Laura Deen Johnson, associate professor of Communication, will be taking a writing and research sabbatical during the 2016 spring semester. Her projects include completing a book and consulting with the Media Team at the Seneca Nation of Indians.
“Shall We Gather at the Radio: A History of Religious Noncommercial Educational Radio Licensing at the Federal Communications Commission” is a book project that grew out of Dr. Johnson’s dissertation research at the University of Florida.
Johnson noted that the Noncommercial Educational (NCE) FM band from 87.9 to 91.9 FM is the home of public radio, educational radio, alternative radio, community radio and religious noncommercial educational radio. The Federal Communications Commission (FCC) created NCE licensing for curriculum-based educational radio stations connected to public school systems. Spectrum scarcity in the commercial FM band caused religious broadcasters to actively seek frequencies in the NCE band. Over time, NCE decisions at the FCC and the creation of public broadcasting relaxed the educational requirements and made it possible for religious groups to successfully argue that they were eligible for NCE licenses.
The case study employs historical and legal research methods to tell the story of individuals and organizations that helped define and challenge FCC policy, including the U.S. Office of Education led by John Ward Studebaker, the Moody Bible Institute (MBI) and the major decisions and policy statements at the FCC (and FRC) that defined educational and religious broadcasting policy from the earliest days of radio to the present.

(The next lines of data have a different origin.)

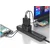 Potovalni adapter vtič EU all in one cel svet 2x USB polnilec 2.1A črn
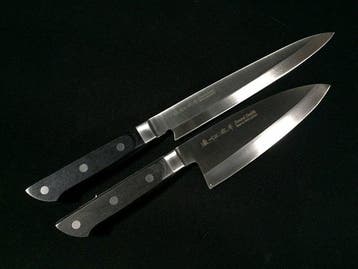 Signed Masamune / Set of 2 / Yanagiba, Deba - Couteau de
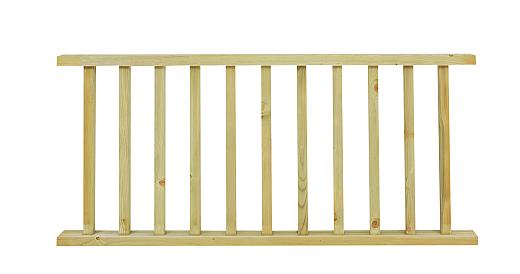 Hillhout Countryhek Excellent 180 x 80 cm, vuren groen geïmpregneerd.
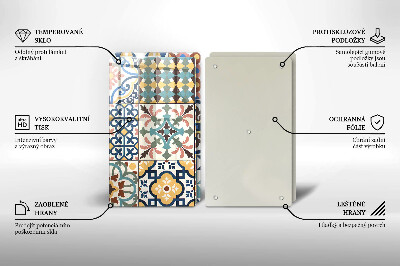 Szklana deska do krojenia Ozdobne płytki kafelki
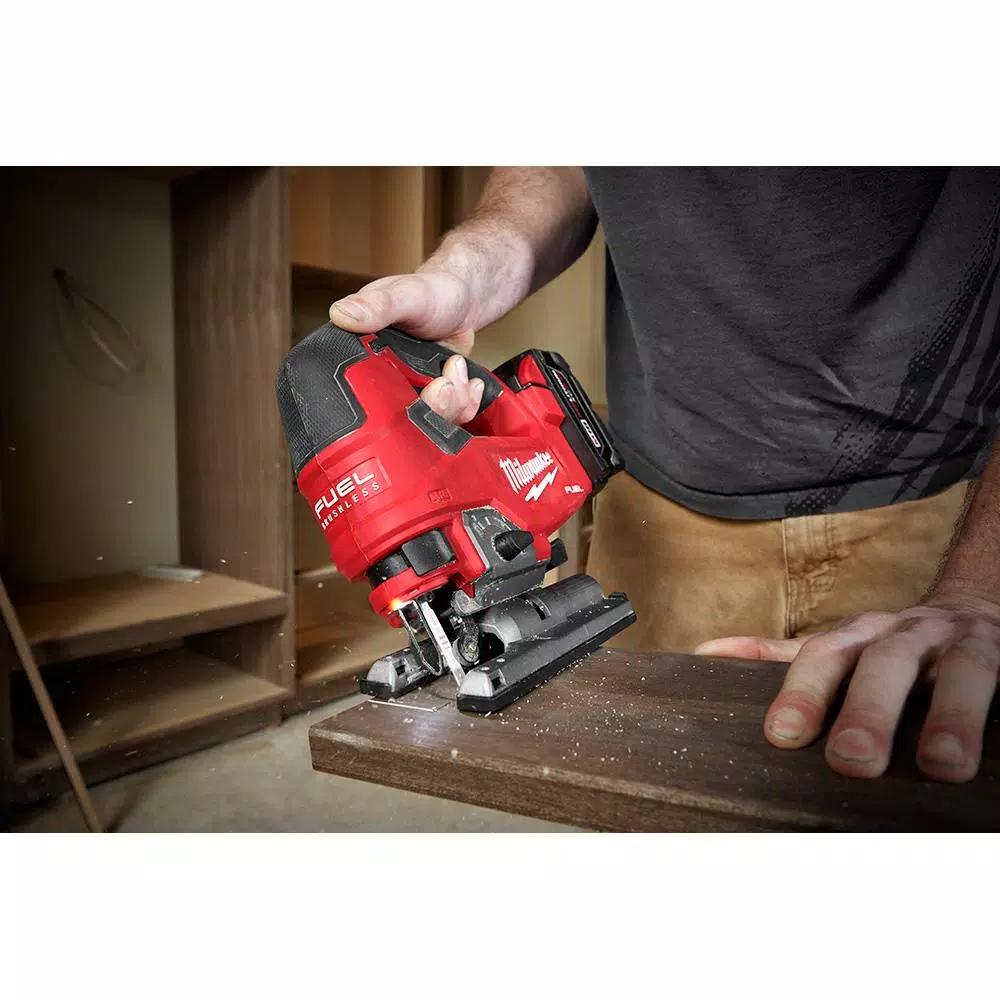 Milwaukee M18 FUEL 18-Gauge Brad Nailer, Jig Saw, and Compact Router 3-Tool Combo Kit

The philosophical divide over public education and religion in the noncommercial FM band reflects a similar divide in the public sphere of American life. The purpose of the study is to show that the existence of the noncommercial educational category of licensing and the reason for denying access to religious organizations is rooted in the history of public education in America, in Progressivism, and its children, the New Deal and the Great Society. The FCC based its 1977 decision to allow access to religious broadcasters in the First Amendment to the United States Constitution.